The idea for Hackolade came from my own personal need for a data modeling tool for NoSQL databases.  I searched the web, and couldn’t find one that would satisfy my needs.   I tried really hard to use existing tools!  After all, all I wanted was to give my credit card number and download the right tool to do my job.  The last thing on my mind was to embark on a new entrepreneurial adventure...


There is a short explanation for why I was not satisfied with the existing tools, and there's also a long answer below.  The short answer is simple and holds (almost) in this one picture:

data modeling, yelp challenge dataset, ERD
Reverse-engineering of Yelp Challenge dataset using traditional ERD tool

Periodically, Yelp awards prize money for interesting insights out of the analysis of their sample dataset.  In the past, it has led to hundreds of academic papers.  As the data is provided in JSON format, any NoSQL document database is a good candidate to store the data, and several blogs explain how to use MongoDB for the analysis.  Using a data modeling tool to discover the data structure should be a great first step...

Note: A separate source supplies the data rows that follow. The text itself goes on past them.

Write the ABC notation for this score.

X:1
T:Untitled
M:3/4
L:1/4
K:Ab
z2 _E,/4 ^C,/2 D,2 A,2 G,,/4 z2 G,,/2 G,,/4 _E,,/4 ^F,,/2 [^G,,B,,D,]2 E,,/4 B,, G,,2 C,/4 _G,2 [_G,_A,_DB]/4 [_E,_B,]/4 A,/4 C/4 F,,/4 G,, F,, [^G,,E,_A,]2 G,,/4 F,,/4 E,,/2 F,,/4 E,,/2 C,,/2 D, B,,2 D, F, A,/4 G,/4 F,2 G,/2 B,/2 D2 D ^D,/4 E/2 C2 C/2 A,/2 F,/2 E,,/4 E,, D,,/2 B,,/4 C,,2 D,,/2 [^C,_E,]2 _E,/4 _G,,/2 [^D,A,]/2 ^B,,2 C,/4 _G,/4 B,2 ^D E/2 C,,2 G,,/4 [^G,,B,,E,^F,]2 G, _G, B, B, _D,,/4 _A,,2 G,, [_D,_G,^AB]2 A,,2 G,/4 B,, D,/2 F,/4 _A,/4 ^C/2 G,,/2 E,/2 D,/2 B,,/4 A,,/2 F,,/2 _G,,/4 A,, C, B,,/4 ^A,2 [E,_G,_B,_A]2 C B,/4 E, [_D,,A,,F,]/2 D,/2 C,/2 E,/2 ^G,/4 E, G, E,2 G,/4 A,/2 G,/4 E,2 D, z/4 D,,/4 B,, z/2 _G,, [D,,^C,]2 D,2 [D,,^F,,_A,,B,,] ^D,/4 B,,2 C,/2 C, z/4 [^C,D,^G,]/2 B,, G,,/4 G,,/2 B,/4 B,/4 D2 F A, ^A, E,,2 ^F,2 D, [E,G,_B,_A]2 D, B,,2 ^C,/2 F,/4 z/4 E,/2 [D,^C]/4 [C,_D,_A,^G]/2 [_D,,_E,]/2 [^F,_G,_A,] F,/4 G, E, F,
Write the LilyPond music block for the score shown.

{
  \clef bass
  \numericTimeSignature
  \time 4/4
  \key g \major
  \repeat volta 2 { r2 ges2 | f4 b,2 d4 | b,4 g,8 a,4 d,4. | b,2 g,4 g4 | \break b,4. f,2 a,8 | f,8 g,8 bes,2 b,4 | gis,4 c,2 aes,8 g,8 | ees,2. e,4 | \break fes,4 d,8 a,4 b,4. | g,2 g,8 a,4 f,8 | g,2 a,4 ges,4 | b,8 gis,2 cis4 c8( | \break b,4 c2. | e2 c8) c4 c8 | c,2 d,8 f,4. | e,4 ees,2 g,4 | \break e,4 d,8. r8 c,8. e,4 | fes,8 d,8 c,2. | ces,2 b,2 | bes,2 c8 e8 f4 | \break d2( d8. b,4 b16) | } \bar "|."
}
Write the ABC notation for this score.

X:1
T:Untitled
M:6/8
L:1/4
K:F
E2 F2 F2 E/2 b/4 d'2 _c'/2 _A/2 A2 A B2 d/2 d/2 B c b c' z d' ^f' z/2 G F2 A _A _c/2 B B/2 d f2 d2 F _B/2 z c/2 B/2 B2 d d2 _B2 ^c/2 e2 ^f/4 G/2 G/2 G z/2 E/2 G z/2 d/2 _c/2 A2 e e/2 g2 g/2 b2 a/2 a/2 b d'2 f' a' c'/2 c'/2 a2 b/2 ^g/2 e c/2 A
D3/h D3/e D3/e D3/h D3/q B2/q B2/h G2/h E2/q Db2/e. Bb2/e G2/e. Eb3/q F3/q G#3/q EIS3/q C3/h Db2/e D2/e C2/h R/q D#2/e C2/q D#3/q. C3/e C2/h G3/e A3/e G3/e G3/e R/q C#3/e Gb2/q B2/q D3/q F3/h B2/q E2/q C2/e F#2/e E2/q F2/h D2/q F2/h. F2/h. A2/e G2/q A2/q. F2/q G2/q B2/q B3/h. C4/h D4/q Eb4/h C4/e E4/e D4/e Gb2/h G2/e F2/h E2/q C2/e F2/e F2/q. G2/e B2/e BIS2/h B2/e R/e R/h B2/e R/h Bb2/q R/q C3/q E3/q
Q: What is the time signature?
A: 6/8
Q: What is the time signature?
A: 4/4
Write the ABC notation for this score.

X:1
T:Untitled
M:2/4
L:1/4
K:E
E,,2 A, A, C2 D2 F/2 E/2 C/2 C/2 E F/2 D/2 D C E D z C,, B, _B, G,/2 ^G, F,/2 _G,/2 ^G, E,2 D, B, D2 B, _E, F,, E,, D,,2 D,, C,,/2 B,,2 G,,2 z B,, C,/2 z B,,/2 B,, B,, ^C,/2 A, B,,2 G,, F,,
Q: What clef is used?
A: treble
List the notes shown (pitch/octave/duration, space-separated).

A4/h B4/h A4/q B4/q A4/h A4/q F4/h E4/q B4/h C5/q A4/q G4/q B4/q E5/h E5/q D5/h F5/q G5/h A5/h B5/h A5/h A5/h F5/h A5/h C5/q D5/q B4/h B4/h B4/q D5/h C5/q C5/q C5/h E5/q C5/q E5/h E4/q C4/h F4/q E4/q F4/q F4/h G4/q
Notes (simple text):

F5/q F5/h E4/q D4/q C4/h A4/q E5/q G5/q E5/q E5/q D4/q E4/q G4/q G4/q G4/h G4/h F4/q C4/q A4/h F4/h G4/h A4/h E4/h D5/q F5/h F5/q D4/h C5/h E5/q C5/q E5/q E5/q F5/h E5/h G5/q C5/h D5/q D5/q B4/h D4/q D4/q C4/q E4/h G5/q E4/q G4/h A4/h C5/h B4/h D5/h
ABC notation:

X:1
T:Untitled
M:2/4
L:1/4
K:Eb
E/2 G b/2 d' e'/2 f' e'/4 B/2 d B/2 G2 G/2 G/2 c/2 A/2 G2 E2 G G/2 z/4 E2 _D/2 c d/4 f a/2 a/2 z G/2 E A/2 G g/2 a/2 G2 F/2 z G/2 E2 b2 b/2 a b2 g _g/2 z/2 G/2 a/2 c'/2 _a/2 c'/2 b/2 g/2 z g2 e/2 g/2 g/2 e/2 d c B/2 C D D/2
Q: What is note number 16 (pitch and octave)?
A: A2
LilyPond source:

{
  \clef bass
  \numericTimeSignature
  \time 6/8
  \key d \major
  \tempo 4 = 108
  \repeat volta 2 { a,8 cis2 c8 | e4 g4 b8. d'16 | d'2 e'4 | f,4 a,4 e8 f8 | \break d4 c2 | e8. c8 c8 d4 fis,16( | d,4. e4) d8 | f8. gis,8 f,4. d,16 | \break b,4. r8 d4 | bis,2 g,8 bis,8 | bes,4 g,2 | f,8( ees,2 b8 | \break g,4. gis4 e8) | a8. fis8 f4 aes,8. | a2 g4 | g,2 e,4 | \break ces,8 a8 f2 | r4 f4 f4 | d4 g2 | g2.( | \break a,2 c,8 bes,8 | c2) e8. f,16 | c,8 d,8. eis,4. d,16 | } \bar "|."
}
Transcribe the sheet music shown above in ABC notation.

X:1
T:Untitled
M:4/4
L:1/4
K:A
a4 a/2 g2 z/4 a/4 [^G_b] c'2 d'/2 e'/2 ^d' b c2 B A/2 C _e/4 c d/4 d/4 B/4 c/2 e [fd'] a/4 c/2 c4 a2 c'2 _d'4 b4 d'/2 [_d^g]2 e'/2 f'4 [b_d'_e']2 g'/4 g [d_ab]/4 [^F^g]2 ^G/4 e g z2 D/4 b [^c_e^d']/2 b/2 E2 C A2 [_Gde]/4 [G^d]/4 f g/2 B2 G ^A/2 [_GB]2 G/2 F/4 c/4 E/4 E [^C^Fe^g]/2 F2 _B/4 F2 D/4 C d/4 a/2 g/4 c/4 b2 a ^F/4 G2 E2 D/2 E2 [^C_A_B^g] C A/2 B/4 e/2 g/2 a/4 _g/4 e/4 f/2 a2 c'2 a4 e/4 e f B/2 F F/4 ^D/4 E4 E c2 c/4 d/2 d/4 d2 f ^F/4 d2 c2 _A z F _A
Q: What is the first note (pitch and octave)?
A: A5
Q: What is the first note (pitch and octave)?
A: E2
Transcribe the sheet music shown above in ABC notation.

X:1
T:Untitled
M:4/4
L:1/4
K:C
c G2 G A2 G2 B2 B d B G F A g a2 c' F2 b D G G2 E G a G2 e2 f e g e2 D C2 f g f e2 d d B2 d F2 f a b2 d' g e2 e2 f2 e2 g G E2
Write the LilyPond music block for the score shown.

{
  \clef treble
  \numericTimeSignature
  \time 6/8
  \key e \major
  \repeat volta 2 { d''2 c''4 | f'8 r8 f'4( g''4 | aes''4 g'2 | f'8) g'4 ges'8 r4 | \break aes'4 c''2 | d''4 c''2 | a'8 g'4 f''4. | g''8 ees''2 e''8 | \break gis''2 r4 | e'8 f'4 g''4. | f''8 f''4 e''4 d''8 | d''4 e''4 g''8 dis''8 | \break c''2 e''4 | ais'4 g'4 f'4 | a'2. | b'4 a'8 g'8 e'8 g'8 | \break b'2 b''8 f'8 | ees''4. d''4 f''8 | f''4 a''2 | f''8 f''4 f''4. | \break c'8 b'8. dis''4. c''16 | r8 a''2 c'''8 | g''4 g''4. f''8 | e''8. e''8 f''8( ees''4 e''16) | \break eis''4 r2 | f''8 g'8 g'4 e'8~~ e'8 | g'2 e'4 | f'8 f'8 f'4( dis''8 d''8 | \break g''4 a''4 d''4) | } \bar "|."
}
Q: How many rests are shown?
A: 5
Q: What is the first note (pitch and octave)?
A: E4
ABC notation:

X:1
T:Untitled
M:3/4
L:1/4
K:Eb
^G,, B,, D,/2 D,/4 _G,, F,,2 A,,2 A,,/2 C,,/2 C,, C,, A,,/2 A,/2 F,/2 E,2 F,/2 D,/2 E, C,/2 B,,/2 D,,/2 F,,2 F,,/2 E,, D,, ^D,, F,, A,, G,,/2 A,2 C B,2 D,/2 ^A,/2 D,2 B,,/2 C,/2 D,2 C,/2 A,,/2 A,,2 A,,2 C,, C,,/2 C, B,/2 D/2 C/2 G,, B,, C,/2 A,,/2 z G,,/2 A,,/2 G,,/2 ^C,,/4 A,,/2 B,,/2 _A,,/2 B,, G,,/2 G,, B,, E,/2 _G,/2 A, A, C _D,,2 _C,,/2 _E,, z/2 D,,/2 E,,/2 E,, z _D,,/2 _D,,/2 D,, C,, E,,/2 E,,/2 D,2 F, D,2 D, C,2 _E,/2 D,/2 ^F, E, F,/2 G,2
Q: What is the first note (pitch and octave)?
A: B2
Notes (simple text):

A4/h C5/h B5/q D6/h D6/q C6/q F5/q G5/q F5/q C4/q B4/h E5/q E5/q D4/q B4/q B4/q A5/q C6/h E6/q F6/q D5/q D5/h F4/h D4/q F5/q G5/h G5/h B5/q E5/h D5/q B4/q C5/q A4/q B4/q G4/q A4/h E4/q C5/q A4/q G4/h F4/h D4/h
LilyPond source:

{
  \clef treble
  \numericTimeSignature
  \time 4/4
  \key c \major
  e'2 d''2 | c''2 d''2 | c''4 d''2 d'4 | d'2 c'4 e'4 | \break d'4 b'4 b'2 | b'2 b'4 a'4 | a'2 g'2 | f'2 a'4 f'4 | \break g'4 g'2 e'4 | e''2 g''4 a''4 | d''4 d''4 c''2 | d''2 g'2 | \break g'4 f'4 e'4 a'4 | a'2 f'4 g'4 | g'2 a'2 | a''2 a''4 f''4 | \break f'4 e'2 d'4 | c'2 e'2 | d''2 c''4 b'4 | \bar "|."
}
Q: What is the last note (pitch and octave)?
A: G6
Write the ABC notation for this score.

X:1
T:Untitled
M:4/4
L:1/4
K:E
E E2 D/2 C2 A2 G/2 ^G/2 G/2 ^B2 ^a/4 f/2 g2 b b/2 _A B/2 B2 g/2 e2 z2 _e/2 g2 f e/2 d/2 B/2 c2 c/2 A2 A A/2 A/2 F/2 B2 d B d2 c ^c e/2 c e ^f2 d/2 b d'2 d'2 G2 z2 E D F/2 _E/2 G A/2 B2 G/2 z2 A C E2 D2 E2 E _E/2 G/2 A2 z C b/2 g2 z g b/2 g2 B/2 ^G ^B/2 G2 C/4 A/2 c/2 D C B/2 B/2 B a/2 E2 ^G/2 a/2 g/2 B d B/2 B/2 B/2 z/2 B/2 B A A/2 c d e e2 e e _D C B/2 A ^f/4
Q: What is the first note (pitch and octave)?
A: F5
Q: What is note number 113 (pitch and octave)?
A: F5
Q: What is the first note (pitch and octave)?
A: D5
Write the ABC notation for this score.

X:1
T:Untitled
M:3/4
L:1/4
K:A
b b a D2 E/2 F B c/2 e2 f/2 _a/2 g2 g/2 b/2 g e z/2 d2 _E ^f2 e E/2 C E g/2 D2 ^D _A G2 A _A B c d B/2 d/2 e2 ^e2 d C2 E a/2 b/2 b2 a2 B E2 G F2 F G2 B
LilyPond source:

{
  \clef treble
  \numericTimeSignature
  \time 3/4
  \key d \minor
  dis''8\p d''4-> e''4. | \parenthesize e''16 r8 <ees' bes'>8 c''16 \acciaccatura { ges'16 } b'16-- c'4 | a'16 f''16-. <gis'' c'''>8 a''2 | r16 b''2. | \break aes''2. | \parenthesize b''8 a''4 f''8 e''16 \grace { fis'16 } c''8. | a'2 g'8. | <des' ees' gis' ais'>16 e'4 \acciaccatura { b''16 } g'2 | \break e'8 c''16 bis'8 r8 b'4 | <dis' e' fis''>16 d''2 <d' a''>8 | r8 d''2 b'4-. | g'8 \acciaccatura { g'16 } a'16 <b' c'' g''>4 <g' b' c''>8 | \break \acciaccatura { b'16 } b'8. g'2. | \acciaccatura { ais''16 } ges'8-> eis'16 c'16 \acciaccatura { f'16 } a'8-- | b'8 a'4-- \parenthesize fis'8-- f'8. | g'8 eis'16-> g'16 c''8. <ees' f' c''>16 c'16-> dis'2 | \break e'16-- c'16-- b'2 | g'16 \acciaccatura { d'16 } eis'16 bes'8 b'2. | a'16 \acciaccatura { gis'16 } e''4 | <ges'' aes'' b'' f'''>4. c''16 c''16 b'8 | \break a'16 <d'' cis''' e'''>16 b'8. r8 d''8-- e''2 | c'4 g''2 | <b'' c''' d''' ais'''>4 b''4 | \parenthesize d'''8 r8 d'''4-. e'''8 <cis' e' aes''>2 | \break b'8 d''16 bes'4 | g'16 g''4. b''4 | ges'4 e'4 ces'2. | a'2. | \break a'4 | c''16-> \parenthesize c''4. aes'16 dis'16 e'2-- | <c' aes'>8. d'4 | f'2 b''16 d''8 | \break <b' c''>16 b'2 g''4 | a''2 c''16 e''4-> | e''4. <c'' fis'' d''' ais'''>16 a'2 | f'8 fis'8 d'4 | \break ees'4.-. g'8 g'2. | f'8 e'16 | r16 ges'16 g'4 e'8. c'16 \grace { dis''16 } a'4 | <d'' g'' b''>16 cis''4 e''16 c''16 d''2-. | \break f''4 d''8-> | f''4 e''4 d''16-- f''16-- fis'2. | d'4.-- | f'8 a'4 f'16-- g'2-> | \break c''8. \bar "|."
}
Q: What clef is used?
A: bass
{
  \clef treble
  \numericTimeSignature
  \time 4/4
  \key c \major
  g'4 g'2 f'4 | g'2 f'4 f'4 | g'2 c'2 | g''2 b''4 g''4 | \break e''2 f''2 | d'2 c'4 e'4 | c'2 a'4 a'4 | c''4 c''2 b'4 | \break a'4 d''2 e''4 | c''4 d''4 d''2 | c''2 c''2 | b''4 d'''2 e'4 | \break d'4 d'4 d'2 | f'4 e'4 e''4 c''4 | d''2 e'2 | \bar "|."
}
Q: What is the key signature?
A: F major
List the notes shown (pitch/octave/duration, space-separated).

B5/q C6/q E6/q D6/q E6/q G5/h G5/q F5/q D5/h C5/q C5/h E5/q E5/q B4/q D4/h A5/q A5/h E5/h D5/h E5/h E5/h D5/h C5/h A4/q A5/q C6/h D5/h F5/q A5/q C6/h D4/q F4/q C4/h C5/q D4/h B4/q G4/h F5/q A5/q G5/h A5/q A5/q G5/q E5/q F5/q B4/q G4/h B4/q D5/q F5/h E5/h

Only problem is: the Yelp dataset is made of five data collections in MongoDB, yet the traditional ER tools end their reverse-engineering process showing these stats:

If there are just five collections in the database, you would expect only five entities in the Entity Relationship diagram, one for each of the collections in MongoDB, right?  Something more like this:
data modeling, yelp challenge dataset, ERD
Reverse-engineering of Yelp Challenge dataset using Hackolade
Besides the more orderly aspect, this second diagram is also a lot easier to understand.  It is a closer representation of the physical storage, displaying nested JSON sub-objects as indentations rather than as separate boxes (entities) in the ERD -- in a manner similar to what you would find in a JSON document. 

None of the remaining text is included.